Re: Absolutely empty resultset regardless of what I am searching for

Posted by MitchK <mi...@web.de>.
I was using TermsComponent now to make sure, what is really indexed.

Well, one title-field has got only a few terms indexed (as I have mentioned
earlier: it is only saving up to 55 rows of the RDBMS), while the other
fields (which are based on the same filter, but with another
special-word.txt) indexes every term.
However, regardless which field I choose to search on, it makes no
difference: every line after the 55th is unsearchable. 
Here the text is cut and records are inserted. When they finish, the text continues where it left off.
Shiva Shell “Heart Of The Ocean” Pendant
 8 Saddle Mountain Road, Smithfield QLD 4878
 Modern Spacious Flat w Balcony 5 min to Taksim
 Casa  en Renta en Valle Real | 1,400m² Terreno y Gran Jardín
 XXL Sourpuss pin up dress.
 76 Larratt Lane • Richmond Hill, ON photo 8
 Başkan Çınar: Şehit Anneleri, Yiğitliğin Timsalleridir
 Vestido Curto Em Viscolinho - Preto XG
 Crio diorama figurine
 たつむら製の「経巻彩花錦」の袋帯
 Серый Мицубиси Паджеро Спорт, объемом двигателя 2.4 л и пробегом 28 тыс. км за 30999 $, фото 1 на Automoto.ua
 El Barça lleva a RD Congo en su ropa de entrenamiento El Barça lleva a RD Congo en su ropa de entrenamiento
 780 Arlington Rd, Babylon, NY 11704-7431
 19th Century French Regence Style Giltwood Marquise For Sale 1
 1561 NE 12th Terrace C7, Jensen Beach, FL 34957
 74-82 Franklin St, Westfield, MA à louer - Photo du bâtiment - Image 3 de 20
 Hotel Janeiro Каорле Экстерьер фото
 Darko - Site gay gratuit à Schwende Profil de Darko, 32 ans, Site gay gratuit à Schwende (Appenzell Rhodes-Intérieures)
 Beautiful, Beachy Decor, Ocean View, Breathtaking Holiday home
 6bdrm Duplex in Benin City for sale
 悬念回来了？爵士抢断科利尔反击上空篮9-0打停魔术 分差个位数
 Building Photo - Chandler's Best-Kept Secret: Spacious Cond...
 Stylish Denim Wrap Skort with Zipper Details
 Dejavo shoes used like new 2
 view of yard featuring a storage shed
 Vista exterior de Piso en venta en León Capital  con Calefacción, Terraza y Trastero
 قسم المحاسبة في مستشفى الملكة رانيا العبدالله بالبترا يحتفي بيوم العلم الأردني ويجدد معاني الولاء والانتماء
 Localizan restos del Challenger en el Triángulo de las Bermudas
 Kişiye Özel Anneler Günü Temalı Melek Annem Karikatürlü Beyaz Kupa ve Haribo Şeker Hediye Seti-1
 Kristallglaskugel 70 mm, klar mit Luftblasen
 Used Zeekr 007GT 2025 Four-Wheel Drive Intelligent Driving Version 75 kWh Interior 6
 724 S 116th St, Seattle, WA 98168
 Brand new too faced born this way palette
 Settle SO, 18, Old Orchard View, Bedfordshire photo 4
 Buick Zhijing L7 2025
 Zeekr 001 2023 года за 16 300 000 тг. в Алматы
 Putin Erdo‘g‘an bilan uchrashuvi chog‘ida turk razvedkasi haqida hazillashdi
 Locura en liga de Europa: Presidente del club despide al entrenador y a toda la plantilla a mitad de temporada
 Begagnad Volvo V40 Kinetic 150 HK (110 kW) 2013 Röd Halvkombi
Any suggestions would be greate!

If I can't solve the problem, I will try to export the whole data as csv and
try it again, although I don't think that this will help, because the stored
fields store the expected values...
-- 
View this message in context: http://n3.nabble.com/Absolutely-empty-resultset-regardless-of-what-I-am-searching-for-tp683866p684679.html
Sent from the Solr - User mailing list archive at Nabble.com.

Re: Absolutely empty resultset regardless of what I am searching for

Posted by MitchK <mi...@web.de>.
Luke is responsing (now):
My topTerms of synonyms got a frequency of up to 800.000
and my processed title gots a maximum frequency of 7... 
What the hell???

However, I can't search any of the top synonyms.
I am able to search within the first 55 documents of my index. 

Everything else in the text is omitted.